The Home-Page provides an easy starting point for calculators.
Sample Size and Power for Comparing Two Means
You need an estimate of how large of a difference you want to see between means in estimating your needed sample size. This calculator has an easy 3-step process that takes the guess work out of generating sample size and power calculations for your next comparative test.
Sample Size for a Margin of Error (Proportion)
If you’re conducting a usability test, then it will be good to know ahead of time how wide or narrow your confidence intervals will be around your completion rates. Enter the desired margin of error (e.g. 10%) and quickly get the sample size needed plus a quick reference graph showing you the effects of more users on the width of the margin of error.
Sample Size for a Margin of Error (Continuous Data)
If you’re conducting a usability test, then it will be good to know ahead of time how wide or narrow your confidence intervals will be around your task times or satisfaction scores. Enter the desired margin of error (e.g. 10%) and the estimate of the mean and standard deviation to generate the needed sample size. If you don’t have an estimate for these—the calculator provides default values based on data from hundreds of usability tests.
Compare 2+ Means (ANOVA)
The Analysis of Variance (ANOVA) detects whether there is a difference in at least one mean. Enter up to five categories (e.g. competing products) to test differences in task times, clicks or satisfaction scores.
Compare 2+ Completion Rates or Multiple Categorical Variables (Chi-Square Test)
The Chi-Square test calculator will allow you to compare 2 to 10 completion rates (binary responses), or 10 multiple category data (e.g. from sub-categories such as experience level).
Compare the Same Users on Different Applications
You can get more information with a smaller sample size by having the same users attempt tasks on different applications.
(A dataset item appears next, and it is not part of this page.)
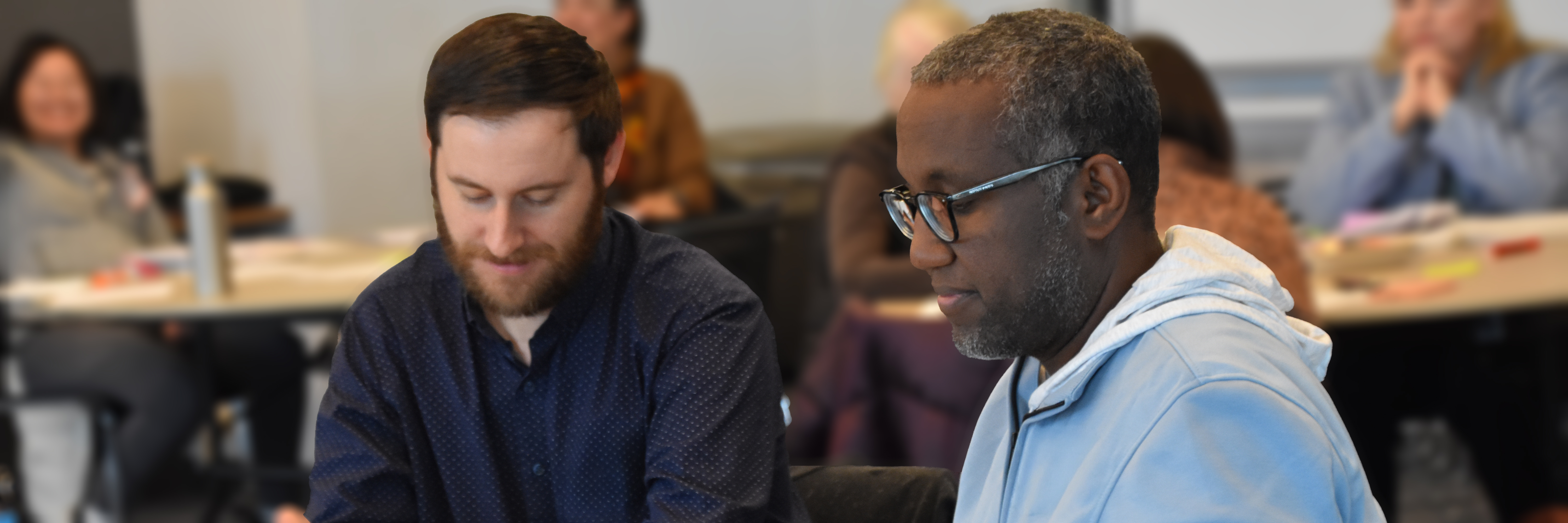 2 adult ed instructors during a PD session.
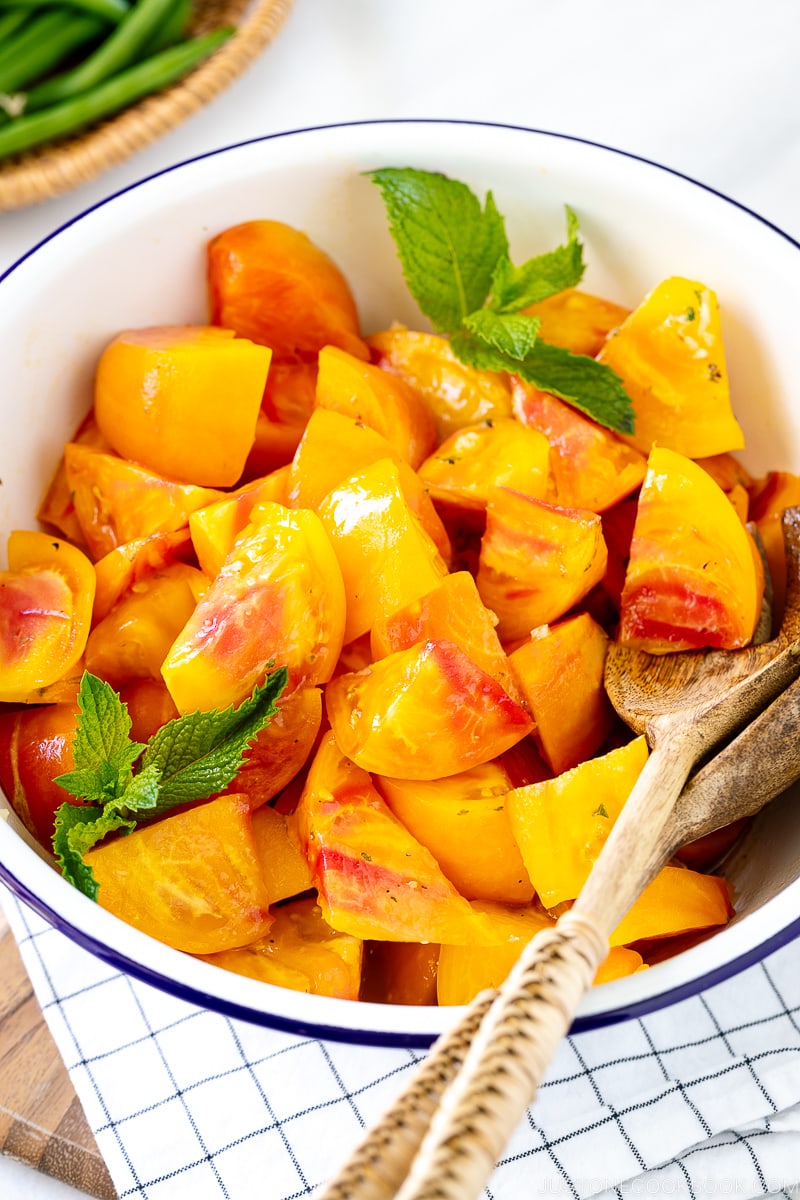 A white enamel bowl containing Heirloom Tomato Salad garnished with mint.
A special statistical test (the Paired t-test) is used to analyze the data and is included in this package. Enter the raw task time for both applications for task times or satisfaction data to quickly look for significant differences. You get graphs, confidence intervals and statistical results. The calculator comes with a "How to Report" section which makes communicating the results to stakeholders easier.
Compare Two Task Times or Satisfaction Scores
Enter the raw task time or satisfaction data for (e.g. from competing products or different versions) to quickly look for significant differences. The calculator both graphs and provides numerical results as well as how large of a difference was observed (effect size). The calculator comes with a “How to Report” section which makes communicating the results to stakeholders easier.
Compare Completion Rates
Determine whether two completion rates (e.g. from competing products or different versions) are statistically different. Just enter the total users tested and number successful for each application and get the statistical results.
Test a Completion Rate against a Criterion & Confidence Interval
Enter the number of users who completed the task and the total attempted and the calculator provides the confidence interval and a graph of the results. Simply enter a test criterion (e.g. 70%) to see if the observed completion rate is statistically higher than the test criterion.
Test a Task Time against a Criterion & Confidence Interval
Just paste the raw task times and the calculator will transform the times to adjust for non-normality. You’ll instantly see a graph and confidence interval for the data. You can also enter a criterion (e.g. 100 seconds) to see if the observed mean time is statistically higher than the test criterion.
Sample Size and Power for Comparing Two Proportions
I’ve read through dozens of really boring statistics papers and have read Cohen’s Power Analysis to generate an accurate and easy way to know the sample size and power needed when you compare two completion rates. The calculator walks you through a 3-step process to generate an effect size estimate, power calculations and the number of users needed to detect differences in completion rates.